## Your assignment:
For this exercise, write out the full listing that follows exactly and skip its pictures.

## Recorded data:
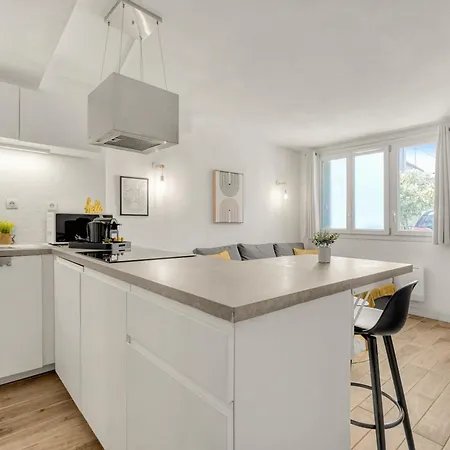 La Citronnelle - Hyper-centre Apartment
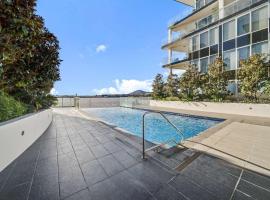 Canberra Lakefront 2-Bed with Pool, Gym & Parking, khách sạn có chỗ đậu xe ở Kingston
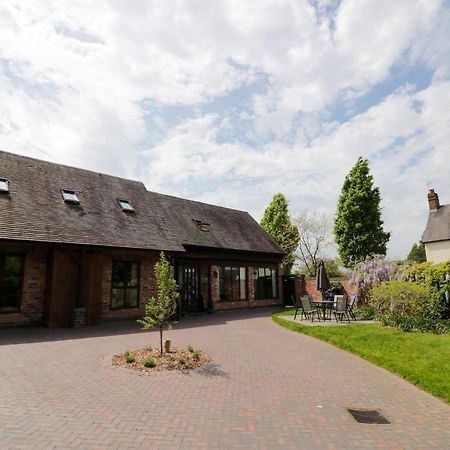 The Stables Villa สเตาเออร์บริดจ์ ภายนอก รูปภาพ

## Reply to the exercise:
 La Citronnelle - Hyper-centre Apartment
 Canberra Lakefront 2-Bed with Pool, Gym & Parking, khách sạn có chỗ đậu xe ở Kingston
 The Stables Villa สเตาเออร์บริดจ์ ภายนอก รูปภาพ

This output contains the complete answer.